Senate Bill 834 (S-3) would create the “Michigan Early Stage Venture Capital Investment Act” to require that, within one year after the bill’s effective date, the “Michigan Early Stage Venture Capital Investment Corporation” be established, a fund manager be hired, an investment plan be established, and funds be solicited and available for investment consistent with that plan. The Corporation would have to create the “Michigan Early Stage Venture Capital Investment Fund”. Money in the Fund could be invested in venture capital companies to promote investment in qualified businesses.


If the Fund could not repay the negotiated return on a person’s investment, the Corporation would have to give the investor a certificate for a single business tax (SBT) or income tax credit for the difference between the amount repaid by the Fund and the negotiated repayment amount. The credit would be a debt of the Fund to the Department of Treasury. The Fund would expire on January 1, 2054, and its balance would be transferred to the State’s General Fund.

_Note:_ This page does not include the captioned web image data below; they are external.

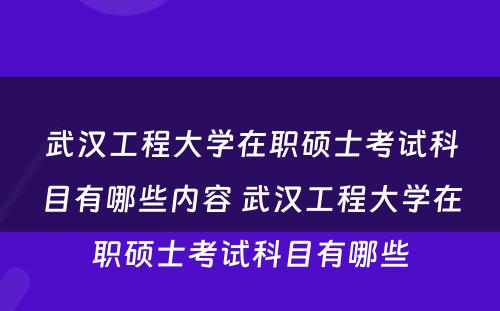 武汉工程大学在职硕士考试科目有哪些内容 武汉工程大学在职硕士考试科目有哪些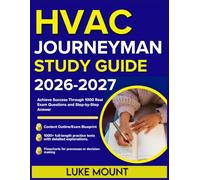 HVAC JOURNEYMAN STUDY GUIDE 2026-2027: Achieve Success Through 1000 Real Exam Questions and Step-by-Step Answer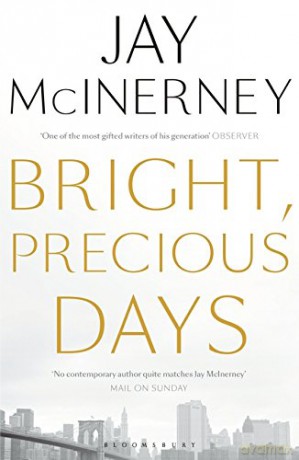 Bright, Precious Days - Jay McInerney [KSIĄŻKA]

Senate Bill 835 would amend the Single Business Tax Act to specify that, for tax years beginning after 2008 and before 2020, a taxpayer that was an investor could claim an SBT credit equal to the amount determined and certified under Senate Bill 834. For tax years beginning after 2009, if a credit against the SBT or a successor tax were not allowed, the taxpayer could transfer the credit to a person who could claim an income tax credit (under Senate Bill 836). The total amount of all certified SBT credits for all taxpayers for all years could not exceed $150 million. The total amount of all credits authorized for any one year could not exceed $30 million.


Senate Bill 836 would amend the Income Tax Act to provide that, for tax years beginning after 2009 and before 2020, a taxpayer to whom a certificate and remaining SBT credit amount had been transferred under Senate Bill 835 could claim that credit against the income tax.

Senate Bill 834 (S-3) would define “venture capital company” as a corporation, partnership, or other legal entity whose primary business activity was the investment of equity capital in businesses that focus on areas including, but not limited to, alternative energy technology, high-technology activity, or health care. “Qualified business” would mean a seed or early stage business that was located in Michigan, that had its corporate headquarters in Michigan, or the majority of whose employees worked a majority of their time as a site located in Michigan. “Seed or early stage business” would mean a business that had less than $15 million in gross receipts and fewer than 200 employees for the calendar year immediately preceding initial investment in the business by a venture capital company.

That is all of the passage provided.